社内文化や業界ルールへの細やかな対応に高評価

なお、コニカミノルタジャパンのサポートに対して、永谷様は「丁寧なアドバイスはもちろん、例えば、文書管理規程の作成において、使用する言葉を社員になじむように変更してくれるなど、柔軟な対応でこちらに寄り添ってもらったという印象が強いです」と話します。

また、同社で扱う文書には、医薬品医療機器等法で保存が定められているものもありますが、この点に関しても「きちんと調べてもらったので、安心している」(鈴木様)とのこと。実際に、文書管理規程などで提案した内容は、ほとんどそのまま運用いただいているようです。

文書管理プロジェクトを成功に導いた要因とは?

一般的な文書管理改善プロジェクトでは、社内に管理意識が定着するのには、長い時間が必要です。それに比べて伊勢半本店様の取り組みは、社内に意識が定着する時間が非常に短い印象です。まだ取り組みは途中ですが、一定の成果も現れており、成功事例といえるでしょう。

そこで成功の要因について、鈴木様と永谷様のお二人にたずねたところ、「文書管理実行責任者の頑張り」との答え。
文書管理実行責任者とは、部門ごとに設置した文書管理責任者(本部長クラスが担当)のもとで、実務を行う担当者のこと。このような運用体制を構築することは、コニカミノルタジャパンからの提案でしたが、文書管理実行責任者の方が積極的に取り組みを進めることで、社内の意識変革にも、社内に合った文書管理規程を作成するのにも大いに役立ったといいます。

また、先述したリフレッシュルームの設置や、スペースが空くことで今後人員が増えてもオフィスを移転するようなことがなくなるといった、具体的なメリットを社内にアナウンスし続けたことや、プロジェクトスタートの折に澤田晴子社長自らがメッセージを発信したことも、功を奏したようです。

文書管理プロジェクト実行前後のキャビネット

左:文書管理プロジェクト実行前のキャビネット
右:文書管理プロジェクト実行後のキ ャビネット 書類が分類され、キャビネットに空きスペースができるように

今後の展開

まずは紙文書のデジタル化を実現
BCP強化&働き方改革推進のベースに

文書管理改善プロジェクトの今後について、伊勢半本店様では紙文書のデジタル化を実現させていく考えです。それは、このプロジェクトと並行して取り組みを進める、BCP対策や働き方改革を実現させるためにも必要不可欠だといいます。

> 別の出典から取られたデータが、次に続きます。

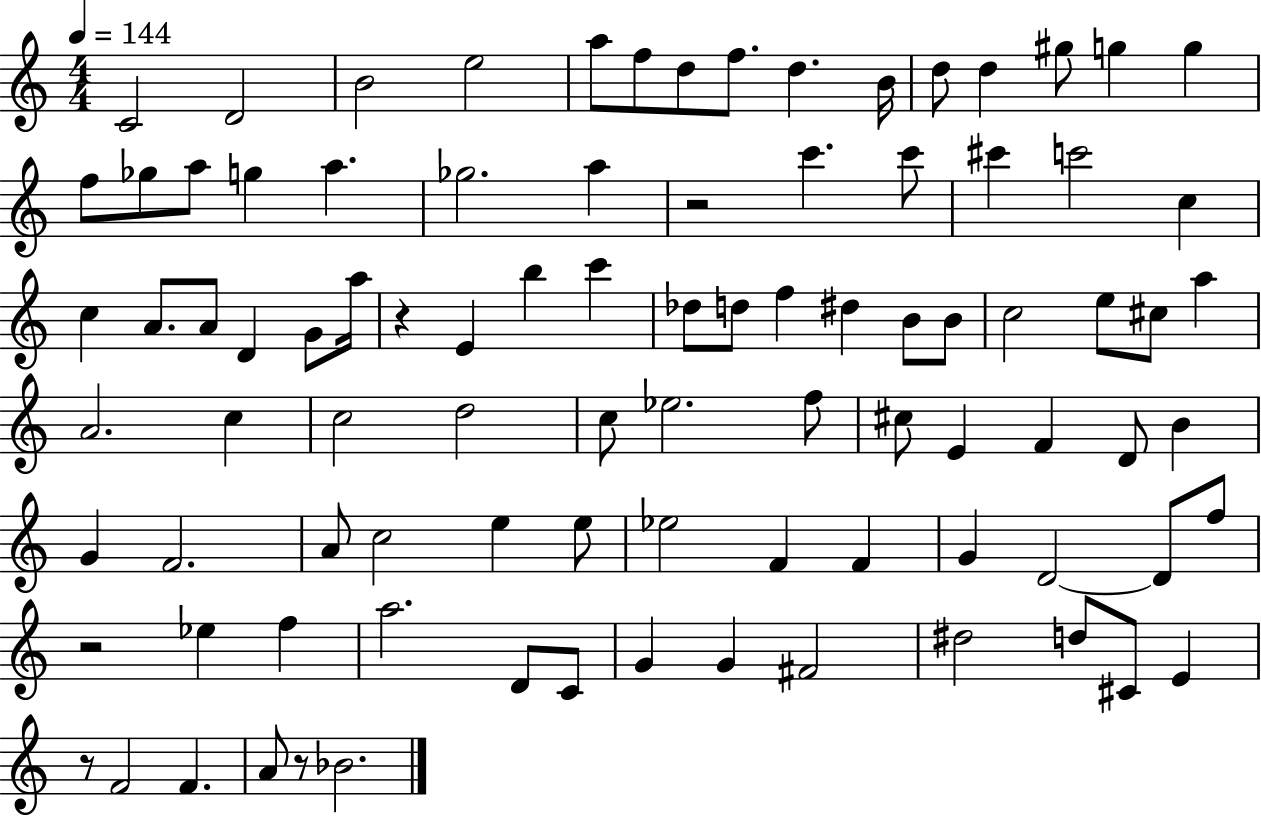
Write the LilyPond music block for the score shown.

{
  \clef treble
  \numericTimeSignature
  \time 4/4
  \key c \major
  \tempo 4 = 144
  c'2 d'2 | b'2 e''2 | a''8 f''8 d''8 f''8. d''4. b'16 | d''8 d''4 gis''8 g''4 g''4 | \break f''8 ges''8 a''8 g''4 a''4. | ges''2. a''4 | r2 c'''4. c'''8 | cis'''4 c'''2 c''4 | \break c''4 a'8. a'8 d'4 g'8 a''16 | r4 e'4 b''4 c'''4 | des''8 d''8 f''4 dis''4 b'8 b'8 | c''2 e''8 cis''8 a''4 | \break a'2. c''4 | c''2 d''2 | c''8 ees''2. f''8 | cis''8 e'4 f'4 d'8 b'4 | \break g'4 f'2. | a'8 c''2 e''4 e''8 | ees''2 f'4 f'4 | g'4 d'2~~ d'8 f''8 | \break r2 ees''4 f''4 | a''2. d'8 c'8 | g'4 g'4 fis'2 | dis''2 d''8 cis'8 e'4 | \break r8 f'2 f'4. | a'8 r8 bes'2. | \bar "|."
}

「現在、情報システム部門と共にBCP対策の強化を進めています。例えば、その中でテレワークを導入するにも、紙文書に縛られない働き方の実現が求められます。紙文書があると、どうしても保管されている事務所に行かなくては仕事になりませんので——」(永谷様)

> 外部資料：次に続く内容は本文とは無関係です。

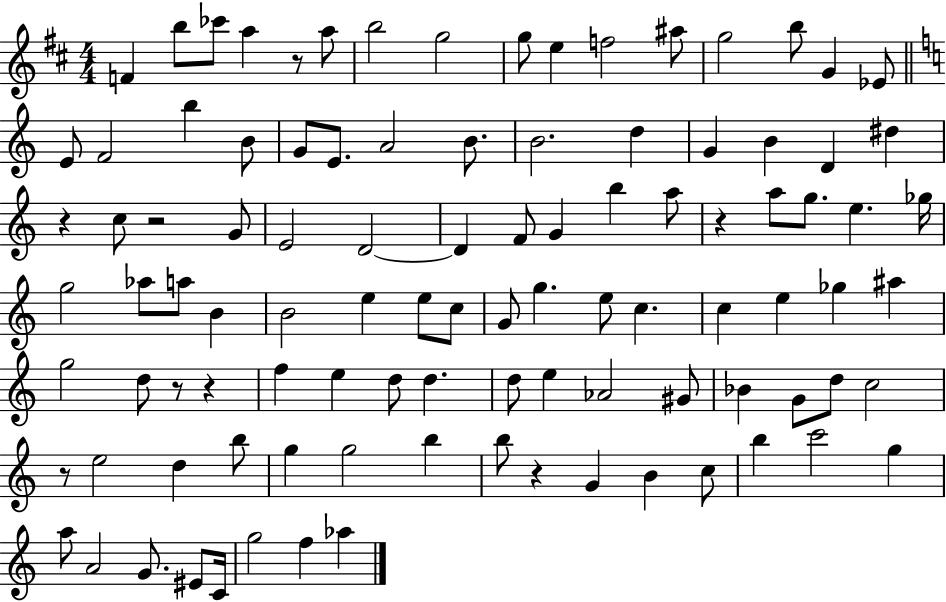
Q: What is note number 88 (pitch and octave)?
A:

紙文書に縛られることがなくなれば、当然、業務効率化や、それによって生まれる時間をクリエイティブな作業に充て、業務の質が高まることで、企業競争力の向上という成果につながっていくことが期待されます。オフィスの省スペースを目的として始まったこの取り組みが、同社の事業に今後ますます大きな影響を与えることは間違いないでしょう。

コニカミノルタ担当者から

伊勢半本店様の事務局とプロジェクトチームの皆様の熱意が成功のポイントに。文書管理の明確な目標を掲げ、運用の定着を実現

関東エリア営業統括部 第3営業部 営業1グループ
井桁 将俊

執務スペースが不足しているというご相談をいただき、紙文書削減を生かした執務エリア創出の提案をさせていただきました。当社自身の失敗経験を生かした内容に共感をいただき、信頼できるということでご採用いただきました。①目指すべき姿を最初に明示できたこと②お客様事務局や各部門のプロジェクトチームの方々が熱心に協力をしてくださったこと③当社ドキュメントグループのメンバーが非常に近いところでサポートをさせて頂けたことが成功したポイントだと感じています。今後も業務効率化等のご支援ができればと考えています。

ソリューション応用サービス部ドキュメントグループ
平山 義一

このプロジェクトでは、大きく2点に注意し実行しました。 ひとつは法律面です。化粧品や医薬部外品を扱うため、関連法令にて保存が必要な文書等を把握しなくてはいけません。もうひとつは運用の定着です。ルールを作っても、運用を定着させなくては意味がありません。そのため運用状況のチェックや効果測定、改善をあらかじめ計画に盛り込みました。運用の定着を図り、今後はさらなるデジタル化による業務効率向上につながるご支援ができればと思います。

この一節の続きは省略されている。